TF-IDF Cosine Similarity

This repository contains a Python implementation to calculate the cosine similarity between TF-IDF matrices of documents and queries. It identifies and ranks the most relevant documents for each query based on their similarity.

Features

  • TF-IDF Matrix Handling: Load TF-IDF matrices for documents and queries from .txt files.
  • Cosine Similarity Calculation: Compute cosine similarity values between vectors.
  • Ranking Results: Rank documents for each query based on similarity scores.
  • Output: Save the ranked results to a specified output file.

Files

  • lab6.py: Main Python script for processing the TF-IDF matrices and calculating similarities.
  • matriz-TFIDF-docs.txt: Input file containing the TF-IDF matrix for documents.
  • matriz-TFIDF-query.txt: Input file containing the TF-IDF matrix for queries.
  • NPL_tf_idf_rels.txt: Output file containing the ranked document-query relevance scores.

How It Works

  1. Load TF-IDF Matrices: The script reads TF-IDF matrices from text files and converts them into Python lists for processing.
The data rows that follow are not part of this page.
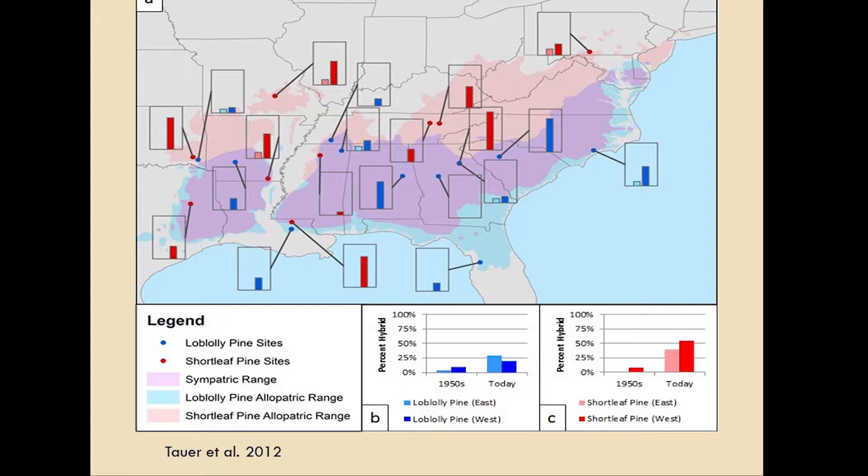Here is data from John's dissertation showing the allopatric and sympatric ranges of shortleaf and loblolly. The reddish color to the north is the allopatric range of shortleaf; the blue to the south is the allopatric range of loblolly; and the purple is the sympatric or shared range. This shows the percent hybrids found in sampled populations — red for shortleaf populations, blue for loblolly. The left bar is the 1950s, the right bar is current. Many times there's no left bar because there were no hybrids in the 1950s, but there's a lot of variability across the range.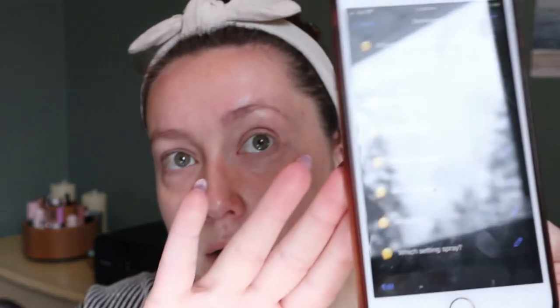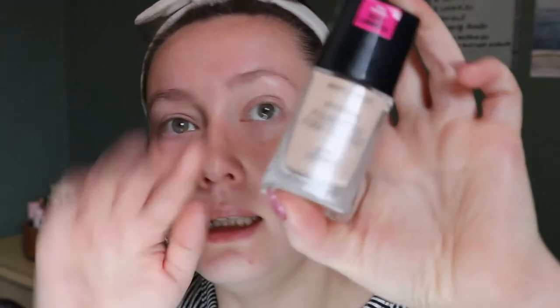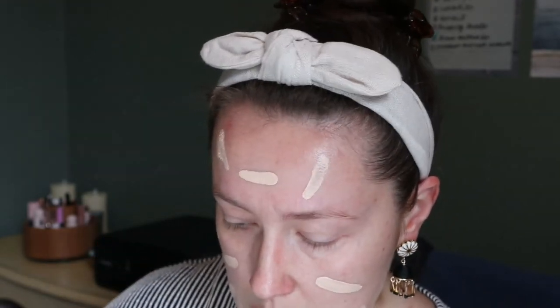I have all my makeup categories in the app, so I'll spin the wheel for foundation — I got Wet and Wild. It's the Wet and Wild Photo Focus Dewy foundation. I've been using this a few times and I find it's one of those foundations I don't really like how it looks when I first put it on, but then it absorbs into my skin and ends up looking okay. I'll use my Real Techniques sponge.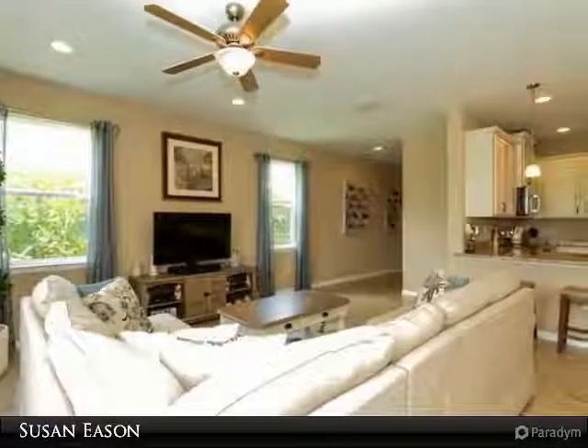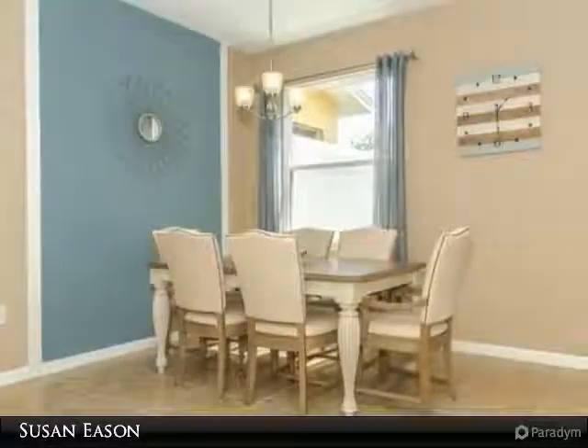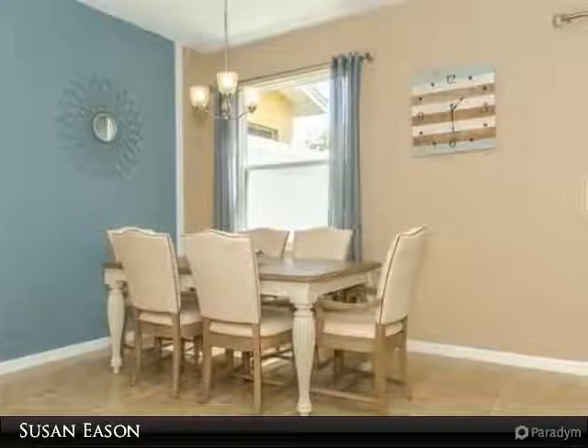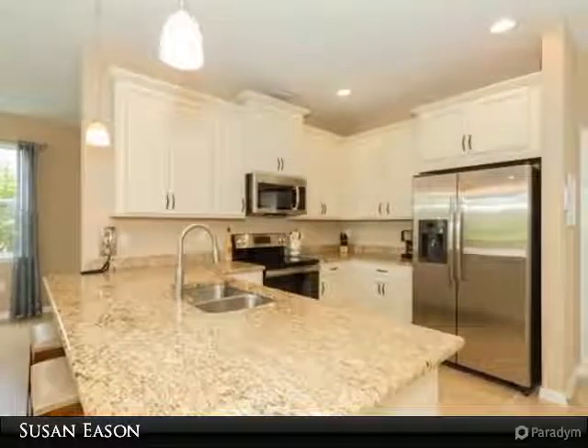This home has three bedrooms with a loft on the second floor as an additional family or playroom. Custom country-fringe 42-inch cabinets finished in a warm cream color, complemented with granite countertops. Tiled throughout the first floor.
  2. Compute Cosine Similarity: For each query vector, the cosine similarity with each document vector is calculated using the formula:

    $\text{Cosine Similarity} = \frac{\text{Dot Product}(\mathbf{A}, \mathbf{B})}{\|\mathbf{A}\| \cdot \|\mathbf{B}\|}$

  3. Rank Documents: Documents are sorted in descending order of similarity for each query.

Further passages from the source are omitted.